-- Task item --
All lines of the material that contain "https" must be copied out.

[Start of section]

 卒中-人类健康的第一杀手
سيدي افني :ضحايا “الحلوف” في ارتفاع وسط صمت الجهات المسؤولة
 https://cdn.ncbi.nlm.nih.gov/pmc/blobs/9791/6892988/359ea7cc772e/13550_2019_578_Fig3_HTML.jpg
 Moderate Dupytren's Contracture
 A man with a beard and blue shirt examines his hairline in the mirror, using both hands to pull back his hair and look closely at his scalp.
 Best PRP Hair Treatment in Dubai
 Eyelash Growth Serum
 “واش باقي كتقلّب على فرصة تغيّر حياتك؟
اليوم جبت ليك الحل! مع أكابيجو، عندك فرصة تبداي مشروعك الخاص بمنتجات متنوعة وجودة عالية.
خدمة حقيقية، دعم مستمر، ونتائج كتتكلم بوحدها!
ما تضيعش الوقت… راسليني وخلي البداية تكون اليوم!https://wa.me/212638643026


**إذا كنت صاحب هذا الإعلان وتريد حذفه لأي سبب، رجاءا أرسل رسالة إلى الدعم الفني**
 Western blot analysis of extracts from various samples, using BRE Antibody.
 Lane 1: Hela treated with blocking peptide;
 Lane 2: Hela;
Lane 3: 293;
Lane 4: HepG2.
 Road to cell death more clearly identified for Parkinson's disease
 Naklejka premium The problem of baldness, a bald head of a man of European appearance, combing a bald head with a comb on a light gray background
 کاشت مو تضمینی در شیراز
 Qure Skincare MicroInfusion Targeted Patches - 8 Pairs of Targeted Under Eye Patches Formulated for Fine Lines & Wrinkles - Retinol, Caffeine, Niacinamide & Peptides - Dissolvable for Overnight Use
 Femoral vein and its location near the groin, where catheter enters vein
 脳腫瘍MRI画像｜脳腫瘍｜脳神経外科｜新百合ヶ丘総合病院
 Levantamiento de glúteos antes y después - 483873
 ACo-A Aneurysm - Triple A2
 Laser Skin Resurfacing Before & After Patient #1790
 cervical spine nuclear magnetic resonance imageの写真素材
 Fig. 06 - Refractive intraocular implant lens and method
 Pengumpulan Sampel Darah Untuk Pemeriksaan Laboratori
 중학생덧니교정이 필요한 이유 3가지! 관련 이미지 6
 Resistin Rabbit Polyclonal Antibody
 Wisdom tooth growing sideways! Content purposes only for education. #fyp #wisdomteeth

[End of section]

-- Solution below --
 https://cdn.ncbi.nlm.nih.gov/pmc/blobs/9791/6892988/359ea7cc772e/13550_2019_578_Fig3_HTML.jpg
ما تضيعش الوقت… راسليني وخلي البداية تكون اليوم!https://wa.me/212638643026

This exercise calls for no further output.